This isn't my story... And yet it is.
My parents have experienced a lot of churn this past year. It all started early summer last year when my mom, a 27 year veteran at her job, was unceremoniously fired. This incident shook me to my core, that someone could be discarded so heartlessly. It felt like the wind was knocked out of me, leaving a mark even stronger than that left by my divorce. For any one that has followed this blog, that was pivotally life changing for me. This incident made me question a lot of things about life... How should I invest my time with the knowledge that even if you are doing the right things, bad shit still happens?
It was hard on my parents too. Its one thing to be tracking to retirement in a few years and another to abruptly have your career cut short. This all happened just a few months prior to me taking on my current position as a department leader at work and my sister had just stepped into her first management role. With my mom unemployed, she quickly became a life line for us. She became a replacement mom in both our respective households, as Candy and I worked to learn new and challenging roles at work. It was not unheard of for my mom to be staying over for a week at a time this past year.
Then I did my house downsizing over Christmas and of course my parents were right there in the middle helping me through that crazy change.

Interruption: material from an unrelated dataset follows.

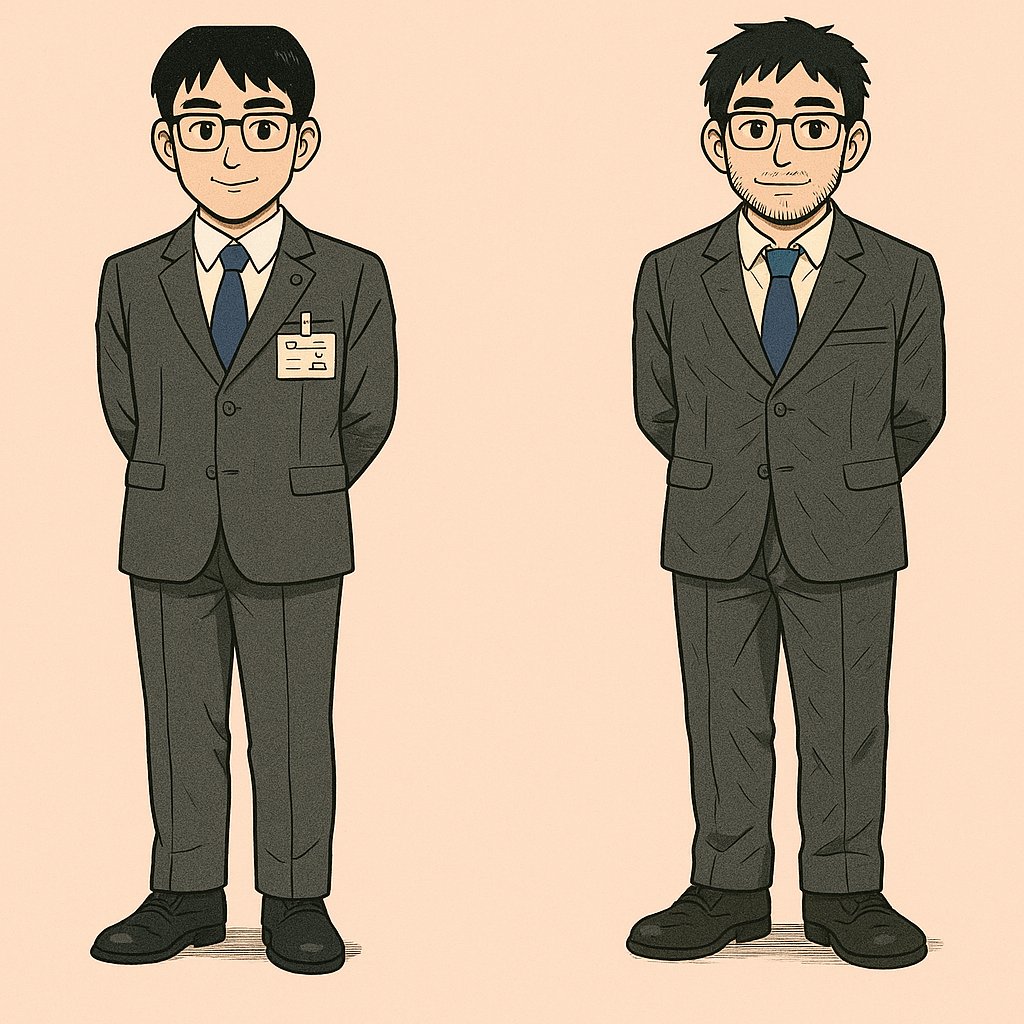 onsitework_lab's tweet image. 同一人物でも、服装や身だしなみで印象は変わります。
訪問作業には、左のような格好が好ましいですね。
坊主憎けりゃ袈裟まで、ちょっとしたミスでも悪印象が大きく見せてしまうことがあります。

#オンサイトワーク研究所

In January, I happened to walk by the living room window and saw the for sale sign down the street. If this wasn't an act of God, I don't know what one looks like... My parents moved in down the street in March. :o) Mom continued to fill voids for us, as demanding jobs pulled us away from home, but now she no longer had to commute 2 hours one way to help. And now Isaac can walk 5 houses down the street for the pop and treats she always keeps for him, because his mean mom won't buy that crap... SPOILER. :o)
This September? My mom got a new job. :o) She works for my company, as an engineering project assistant. This is an essential but under appreciated role, these folks do all the crappy work engineers don't want to do. I knew that when she interviewed and I tried to explain it to her, but she didn't care. And you know what? Hearing her come home every night that first month, telling me how much she loved being back to work was a gift of perspective. She opened my eyes to see the blessings I have right in front of me. My job is hard and sometimes it can feel unrewarding. But I have a good job. It pays really well. I get to work with great people, doing challenging things.
Mom, thanks for helping me remember my blessings. Thank you for carrying me through this past year. And thank God for sending you the blessing of getting fired. It was our blessing in disguise.